AKI SAITO / 齊藤 明希

Faceless

[ Clasp bag ]Split leather
「床革」は革を漉く際に出る副産物です。「吟(表面)」付きの革と比べられがちですが、異なった素材としての面白さがあります。通常の革なら縫い合わせでしか出せないような表面のデザインも、床革を使うと一枚でもそれが可能になります。「吟」がないからこそ、様々な「顔」を持たせることができる「床革」の魅力を探りました。
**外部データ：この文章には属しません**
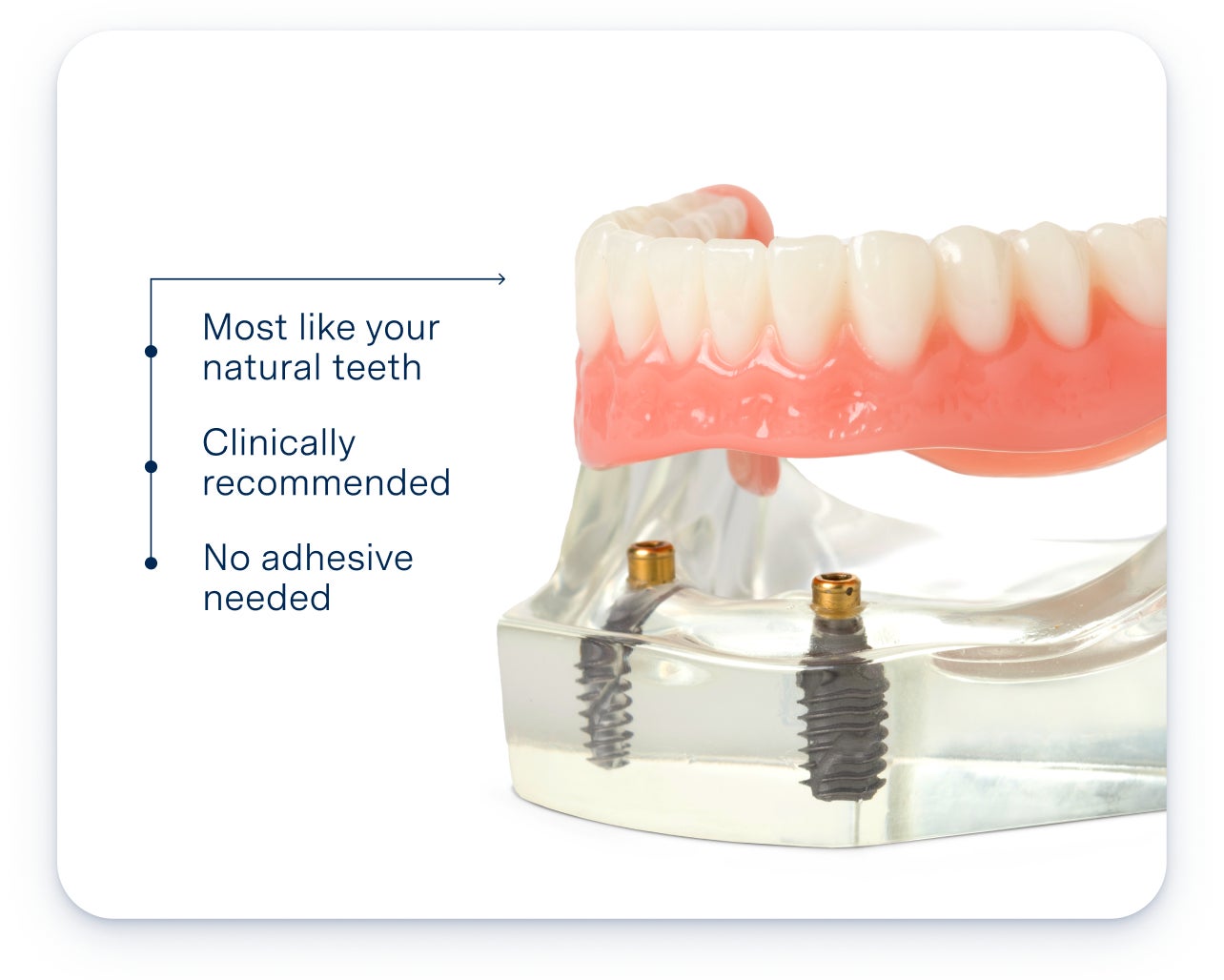 A close-up of a dental implant model showing a realistic set of teeth secured by implants, with benefits like natural feel, clinical recommendation, and no adhesive needed. The image highlights the effectiveness of dental implants for tooth replacement.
染色や、艶出し(とにかくいろいろな方法で磨いてみました)、毛羽立ちなどのテクスチャー実験、利用できる特性を探していきました。
何重にも色を重ねていき、べっ甲のような模様を染色で表現しました。
磨き方はパーツによって多少異なりますが、基本的には毛羽立ちを抑える液体を使用し、ガラスでなじませてから磨いていきます。
細かい模様はひとつひとつ穴あけをした型を粘着テープで作り、柔らかく保ちたい部分に被せながら磨いていきました。ハンドルの型や鞄の内側の芯材にも床革を使用しました。
革以外のパーツ:金具を差し込むために口金を加工しました。内装は2年間のバッグ制作の中で使用した生地のストックから今回スタイルに合ったものを選びました。